I'd just like to throw out some ideas that would make this next story a lot better. They wouldn't be rules, just general guidelines that usually help.
1. Try to focus on one character at a time. I noticed a lot of people tried to overreach in Red Bat. There would be a single paragraph on Gabriel, then that segment would stop, and we'd be on the Rival in another location. Try to give each character group a couple of paragraphs. Write from the perspective of those in the same place for more than one paragraph at a time. You might not get to write about the person you want to all the time, but Red Bat jumped around to the point where people were just throwing in random twists.
2. Give other writers a lead-in. Try not to end your paragraph at a cold spot. In Red Bat there would be pauses, like right before Rose somehow got captured. Don't just say the main character needs to investigate, tell us where he/she plans to start looking. If the next writer knows where you're headed with the story, even if he/she jumps around, they'll be jumping in the right direction.
My Suggested Character
I'd like to throw in a villain later in the story. This character would be a monk, trained to stop violence and diffuse situations around the world. He is known by others as a very intelligent man, someone always in thought. He's always considering ways to prevent conflict - always picturing in his head what actions the people around him will take next. Sometimes, through meditation, those images become almost lifelike.

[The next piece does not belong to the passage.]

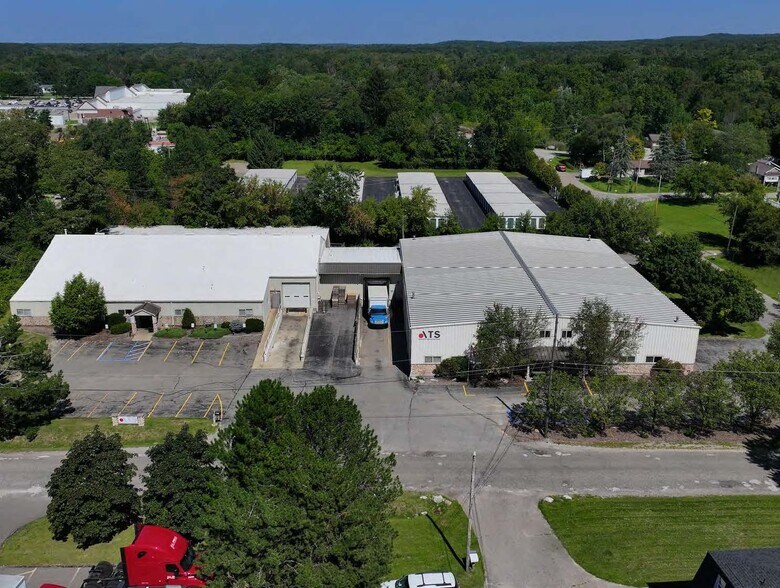 More Photos Of 85 Myron St, Ortonville Warehouse For Sale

After a triggered event (an accident related to the main characters or Khopesh), many lives are lost. He goes into deep meditation, trying to figure out what he could have done to prevent it. He reaches a state of enlightenment, and afterwards he can see hallucinations of people, doing things they haven't done yet, saying things they haven't yet said. It drives him mad, ten people would turn into a hundred, walking down the street, or sitting at a corner. He is seen as a mad man, and he can't turn his ability off. The monk realizes the only way to stop the images, is to get rid of the "variables" around him. He becomes dangerous, especially to the main character, who's actions are never predetermined.
I don't know if or when I'd introduce him, but it would be later in the story, after the main characters are fleshed out. The pseudo-future sight would come in handy for lead-ins, and frankly I just think it's awesome.